_WHAT YOU ARE ASKED TO DO_
Among the lines below, take the one holding "3 Pieces - Regalia", the one holding "Zimmermann - Zimmermann", and all lines between them. Set them down exactly.

_MATERIAL PROVIDED_
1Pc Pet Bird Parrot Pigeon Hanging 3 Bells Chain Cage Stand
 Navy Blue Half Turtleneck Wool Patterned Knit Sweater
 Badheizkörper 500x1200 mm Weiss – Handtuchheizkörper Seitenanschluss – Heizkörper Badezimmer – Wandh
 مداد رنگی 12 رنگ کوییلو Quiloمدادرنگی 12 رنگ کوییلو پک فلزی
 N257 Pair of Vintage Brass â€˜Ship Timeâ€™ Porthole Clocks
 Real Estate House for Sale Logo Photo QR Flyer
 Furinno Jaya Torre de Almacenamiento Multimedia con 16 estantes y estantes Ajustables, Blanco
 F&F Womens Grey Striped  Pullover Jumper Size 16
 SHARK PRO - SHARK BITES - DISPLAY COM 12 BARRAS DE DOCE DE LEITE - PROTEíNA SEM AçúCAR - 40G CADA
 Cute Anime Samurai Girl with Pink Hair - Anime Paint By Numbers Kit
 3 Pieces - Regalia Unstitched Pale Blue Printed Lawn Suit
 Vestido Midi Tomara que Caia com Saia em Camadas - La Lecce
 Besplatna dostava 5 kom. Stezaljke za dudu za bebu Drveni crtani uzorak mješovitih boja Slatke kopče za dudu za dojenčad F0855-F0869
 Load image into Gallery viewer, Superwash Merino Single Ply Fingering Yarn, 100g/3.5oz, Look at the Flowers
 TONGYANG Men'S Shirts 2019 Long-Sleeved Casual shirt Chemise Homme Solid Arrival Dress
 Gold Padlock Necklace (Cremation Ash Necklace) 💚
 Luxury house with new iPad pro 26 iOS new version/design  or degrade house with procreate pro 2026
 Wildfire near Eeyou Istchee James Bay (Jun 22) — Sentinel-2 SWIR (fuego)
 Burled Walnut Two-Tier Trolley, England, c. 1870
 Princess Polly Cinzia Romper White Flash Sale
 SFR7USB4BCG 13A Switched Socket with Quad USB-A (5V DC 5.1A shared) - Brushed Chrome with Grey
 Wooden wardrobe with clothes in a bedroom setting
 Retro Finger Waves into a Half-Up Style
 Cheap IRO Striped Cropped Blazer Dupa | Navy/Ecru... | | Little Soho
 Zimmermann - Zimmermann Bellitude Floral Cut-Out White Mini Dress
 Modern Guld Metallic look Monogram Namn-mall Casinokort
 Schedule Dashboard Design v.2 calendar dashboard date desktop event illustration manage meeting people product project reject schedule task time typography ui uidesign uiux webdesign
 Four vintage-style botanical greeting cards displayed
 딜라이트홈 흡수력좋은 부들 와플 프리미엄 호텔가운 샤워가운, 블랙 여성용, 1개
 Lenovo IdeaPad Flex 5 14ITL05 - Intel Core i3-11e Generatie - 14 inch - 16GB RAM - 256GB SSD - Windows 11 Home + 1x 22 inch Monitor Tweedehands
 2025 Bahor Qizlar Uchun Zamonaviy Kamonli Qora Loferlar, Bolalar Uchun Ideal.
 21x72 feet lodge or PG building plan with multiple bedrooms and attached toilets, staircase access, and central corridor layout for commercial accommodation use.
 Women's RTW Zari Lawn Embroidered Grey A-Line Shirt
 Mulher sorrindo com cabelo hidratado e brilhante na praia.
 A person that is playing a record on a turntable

_YOUR RESPONSE_
 3 Pieces - Regalia Unstitched Pale Blue Printed Lawn Suit
 Vestido Midi Tomara que Caia com Saia em Camadas - La Lecce
 Besplatna dostava 5 kom. Stezaljke za dudu za bebu Drveni crtani uzorak mješovitih boja Slatke kopče za dudu za dojenčad F0855-F0869
 Load image into Gallery viewer, Superwash Merino Single Ply Fingering Yarn, 100g/3.5oz, Look at the Flowers
 TONGYANG Men'S Shirts 2019 Long-Sleeved Casual shirt Chemise Homme Solid Arrival Dress
 Gold Padlock Necklace (Cremation Ash Necklace) 💚
 Luxury house with new iPad pro 26 iOS new version/design  or degrade house with procreate pro 2026
 Wildfire near Eeyou Istchee James Bay (Jun 22) — Sentinel-2 SWIR (fuego)
 Burled Walnut Two-Tier Trolley, England, c. 1870
 Princess Polly Cinzia Romper White Flash Sale
 SFR7USB4BCG 13A Switched Socket with Quad USB-A (5V DC 5.1A shared) - Brushed Chrome with Grey
 Wooden wardrobe with clothes in a bedroom setting
 Retro Finger Waves into a Half-Up Style
 Cheap IRO Striped Cropped Blazer Dupa | Navy/Ecru... | | Little Soho
 Zimmermann - Zimmermann Bellitude Floral Cut-Out White Mini Dress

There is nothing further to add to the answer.